_Exercise_:
Only the lines from the one containing "5TDYK3DC6BS102373 2011 TOYOTA" through the end of the entries should be returned, exactly as they are, with the pictures omitted.

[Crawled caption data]

■ ■ ■ ■ ■ ■ ■

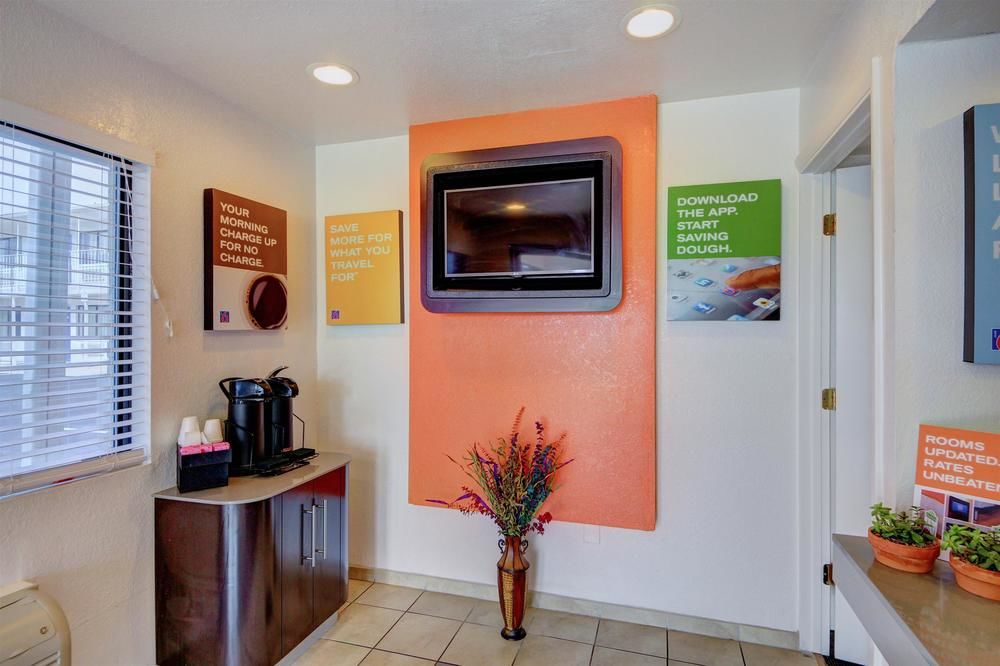 Motel 6 Oklahoma City Airport - photo 5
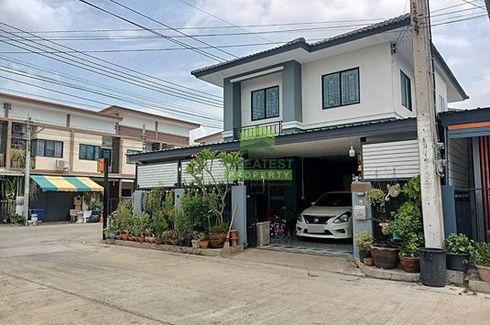 3 Bedroom Townhouse for sale in Krathum Rai, Bangkok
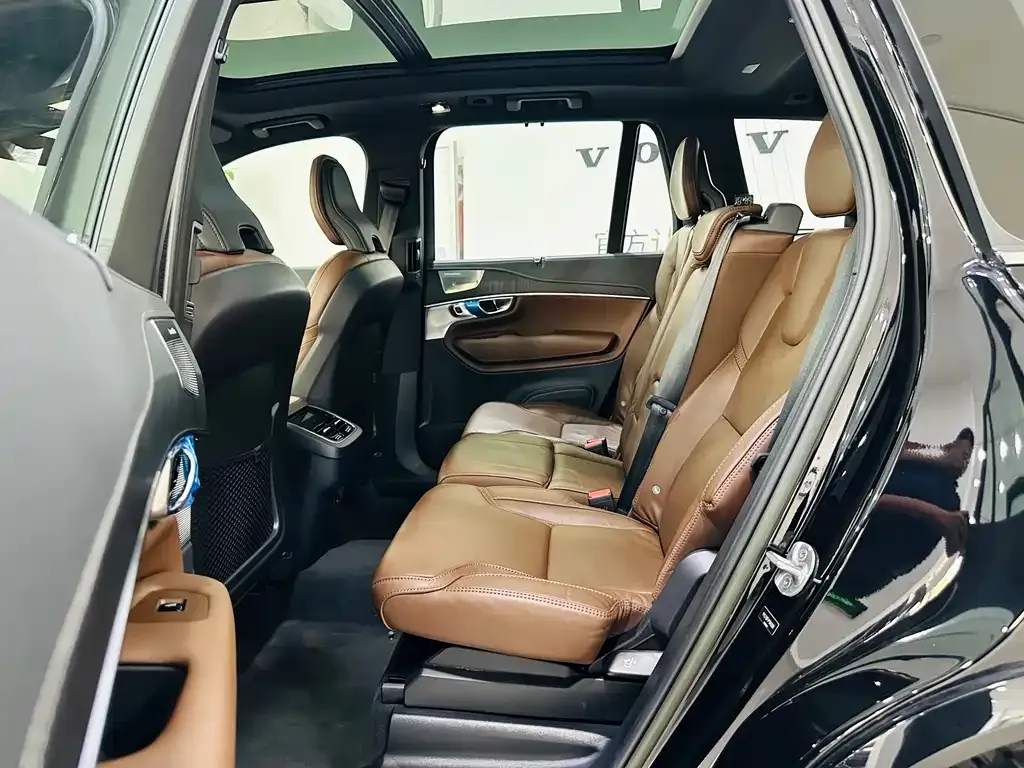 Volvo XC90 2023 из CN, фото 10
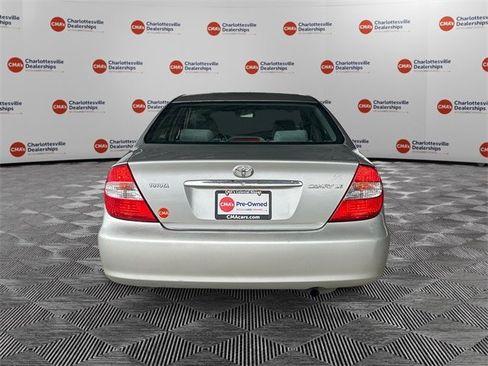 Used 2003 Toyota Camry LE image 4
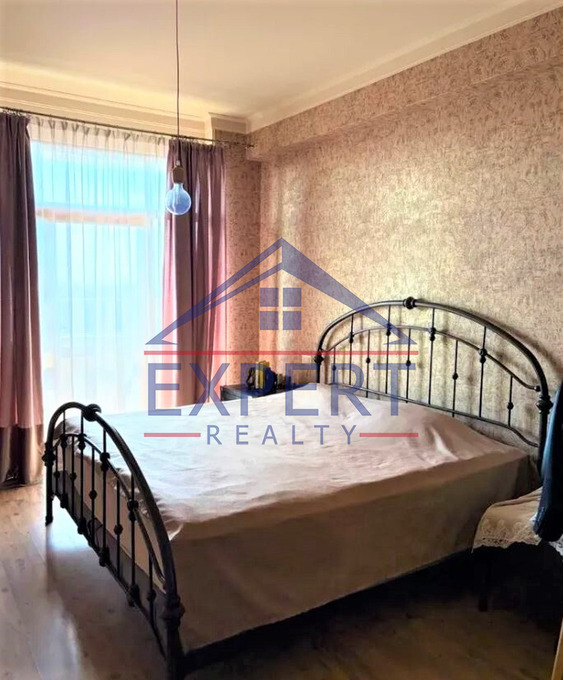 ԱՐԱԲԿԻՐ, ՕՐԲԵԼԻ ԵՂԲԱՅՐՆԵՐ ՓՈՂՈՑ, 4 ՍԵՆՅԱԿ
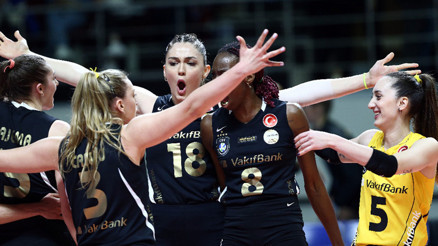 Son Dakika: VakıfBank, CEV Şampiyonlar Liginde finalde Fenerbahçe Opet 3-0ı koruyamadı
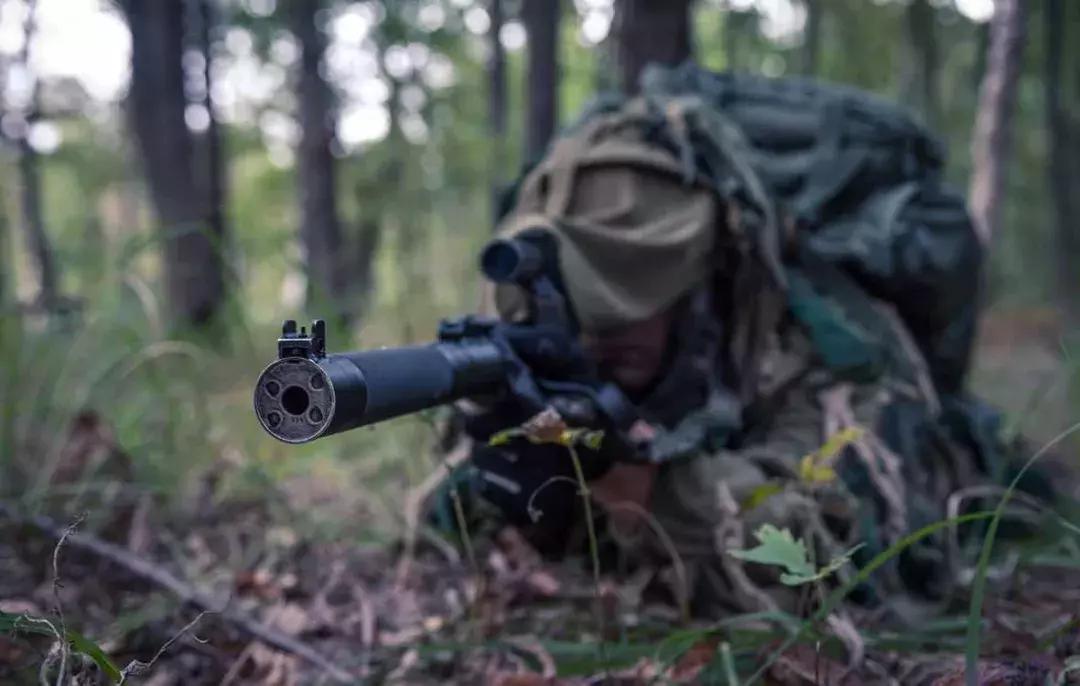 吃鸡中最差*击狙**枪VSS现实中如何，400米击穿防弹衣，特种部队最爱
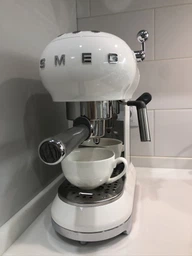Кофеварка рожковая Smeg 50'S RETRO STYLE ECF01PBEU
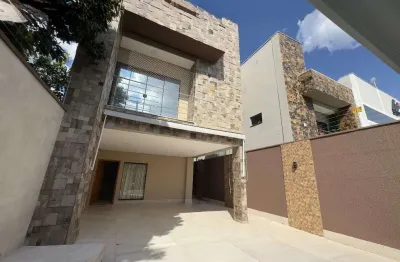Sobrado de 200 m² com 04 suítes à venda por r$ 1.350.000 no jardim atlântico - goiânia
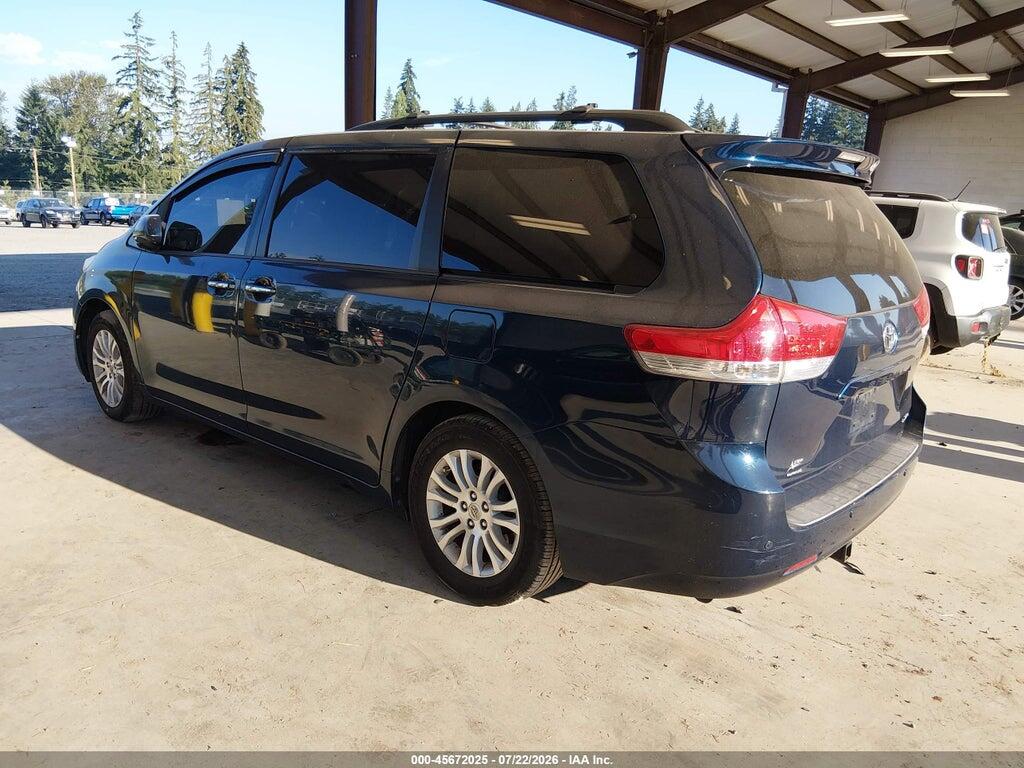 5TDYK3DC6BS102373 2011 TOYOTA SIENNA photo no. 3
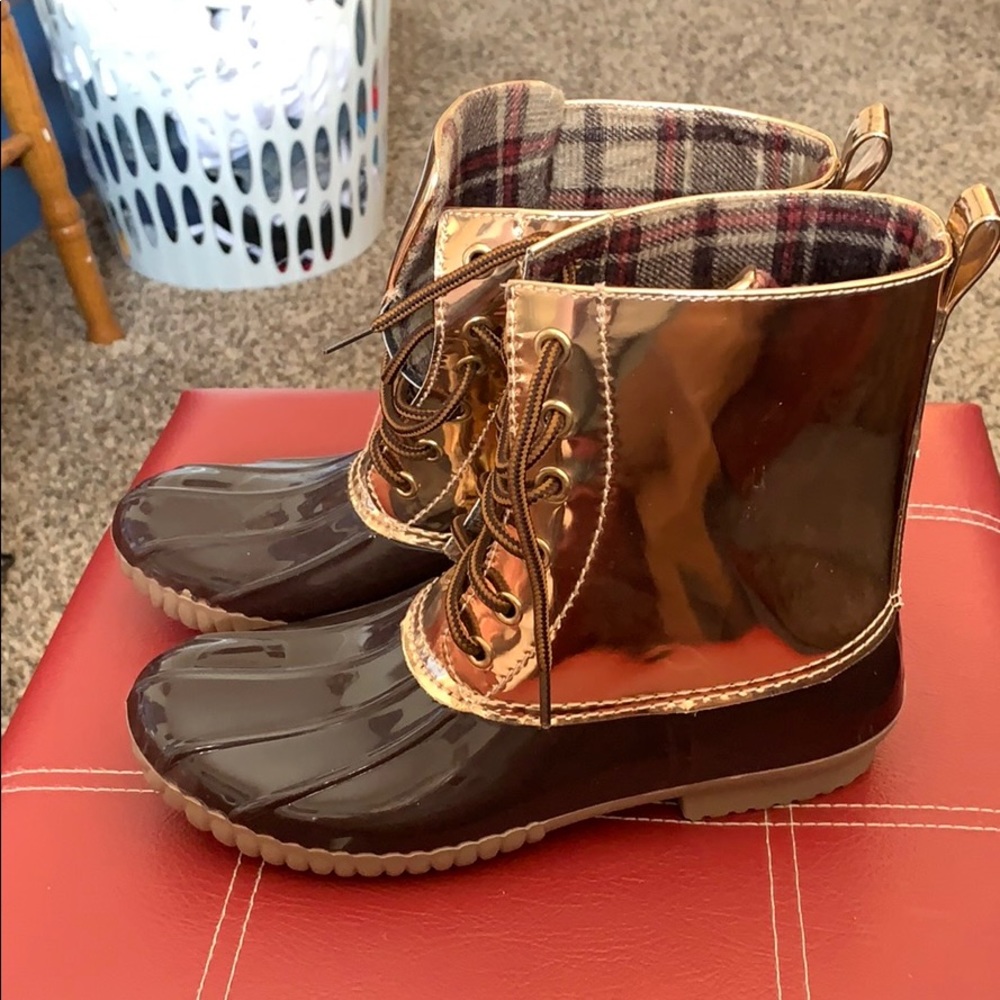 I am selling boots...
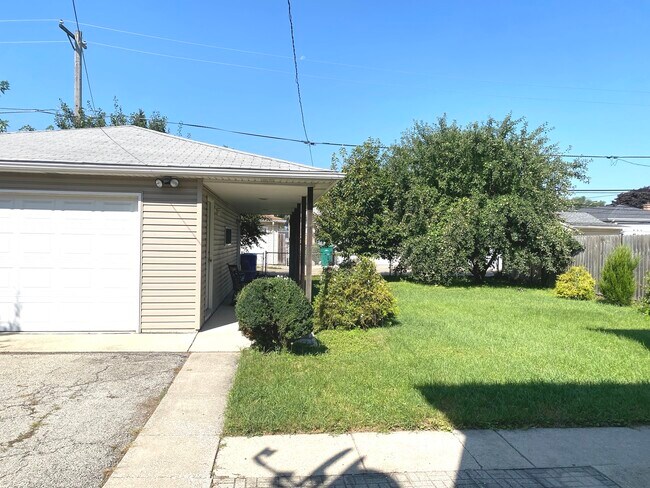 Building Photo - 4916 S Lorel Ave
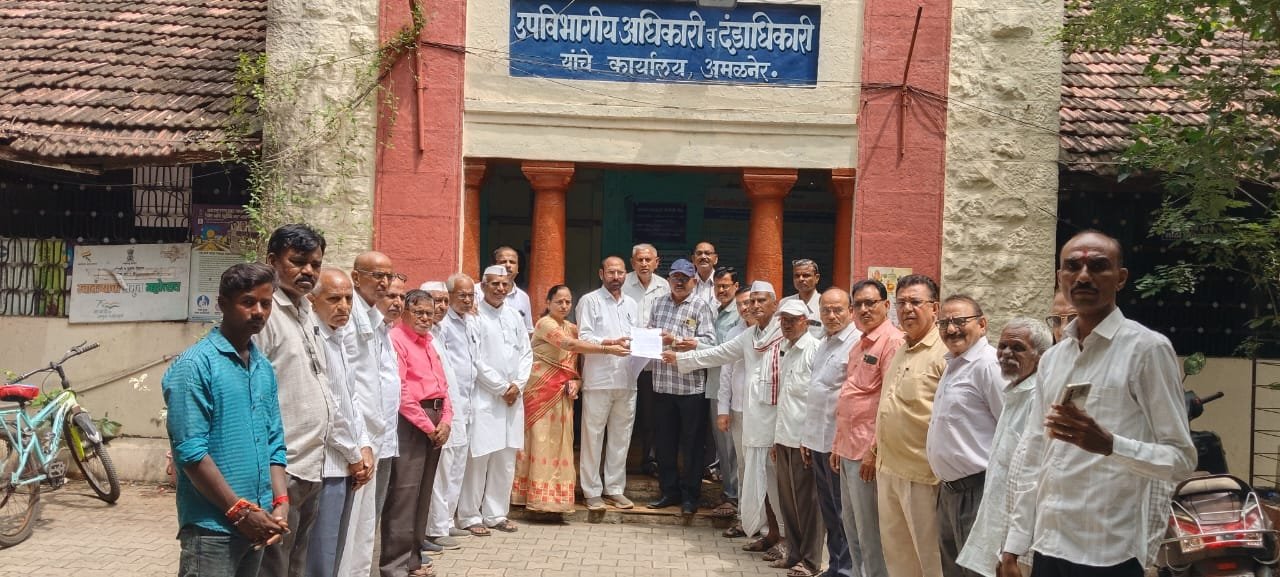 पावसाची आकडेवारी नको, बांधावर जाऊन पिकांची वस्तुस्थिती पाहा! , अमळनेर तालुक्यात खरीप पिके संकटात; सरसकट हेक्टरी आर्थिक मदतीसाठी काँग्रेसचे उपविभागीय अधिकाऱ्यांना निवेदन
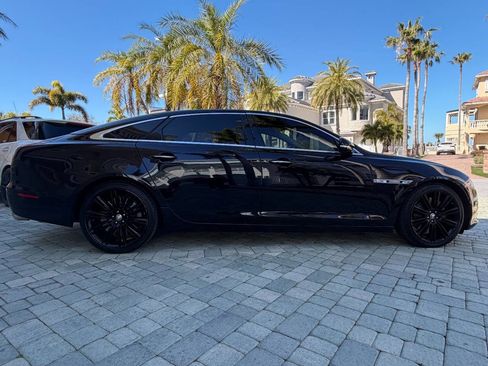 Used 2013 Jaguar XJ L Ultimate image 39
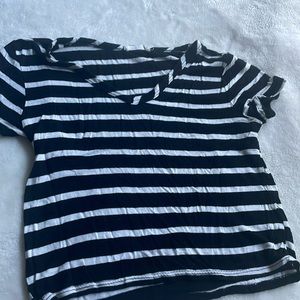 Black and white stripped cropped shirt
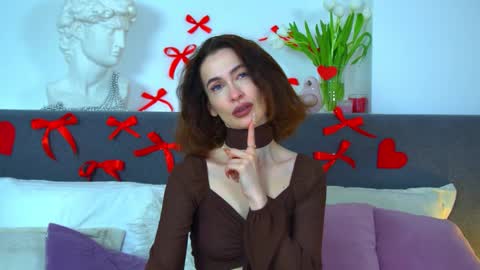 MariaMenson online show from March 7, 2025, 8:00 pm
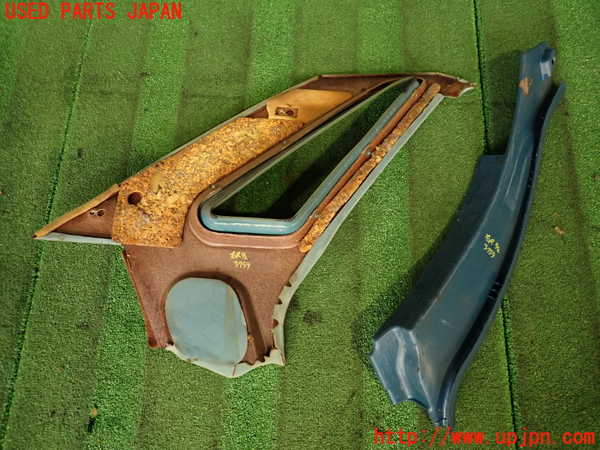 2UPJ-9237597675]セドリック 4ドアハードトップ(430)右リアピラートリム 中古_5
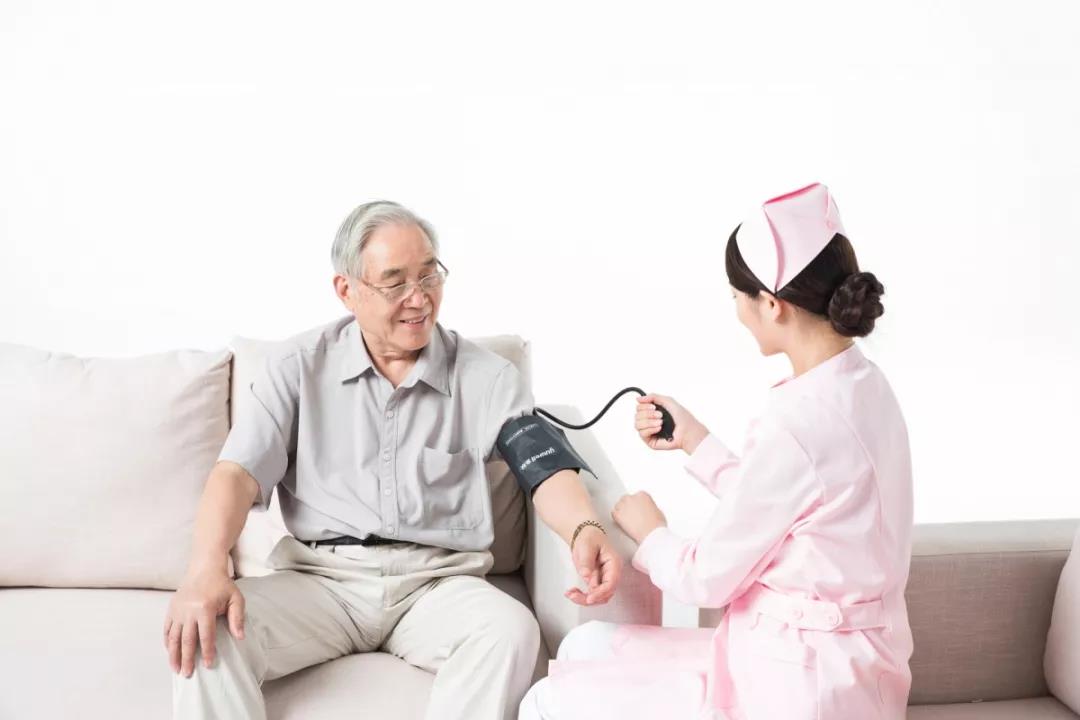 女人每天吃一片叶酸,更年期女性每天吃多少剂量的叶酸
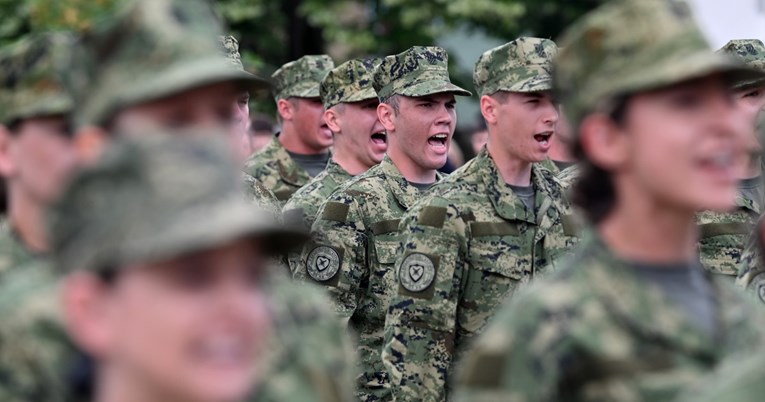 FOTO U Požegi prisegnuo 46. naraštaj ročnika na dragovoljnom vojnom osposobljavanju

■ ■ ■ ■ ■ ■ ■

_Expected output_:
 5TDYK3DC6BS102373 2011 TOYOTA SIENNA photo no. 3
 I am selling boots...
 Building Photo - 4916 S Lorel Ave
 पावसाची आकडेवारी नको, बांधावर जाऊन पिकांची वस्तुस्थिती पाहा! , अमळनेर तालुक्यात खरीप पिके संकटात; सरसकट हेक्टरी आर्थिक मदतीसाठी काँग्रेसचे उपविभागीय अधिकाऱ्यांना निवेदन
 Used 2013 Jaguar XJ L Ultimate image 39
 Black and white stripped cropped shirt
 MariaMenson online show from March 7, 2025, 8:00 pm
 2UPJ-9237597675]セドリック 4ドアハードトップ(430)右リアピラートリム 中古_5
 女人每天吃一片叶酸,更年期女性每天吃多少剂量的叶酸
 FOTO U Požegi prisegnuo 46. naraštaj ročnika na dragovoljnom vojnom osposobljavanju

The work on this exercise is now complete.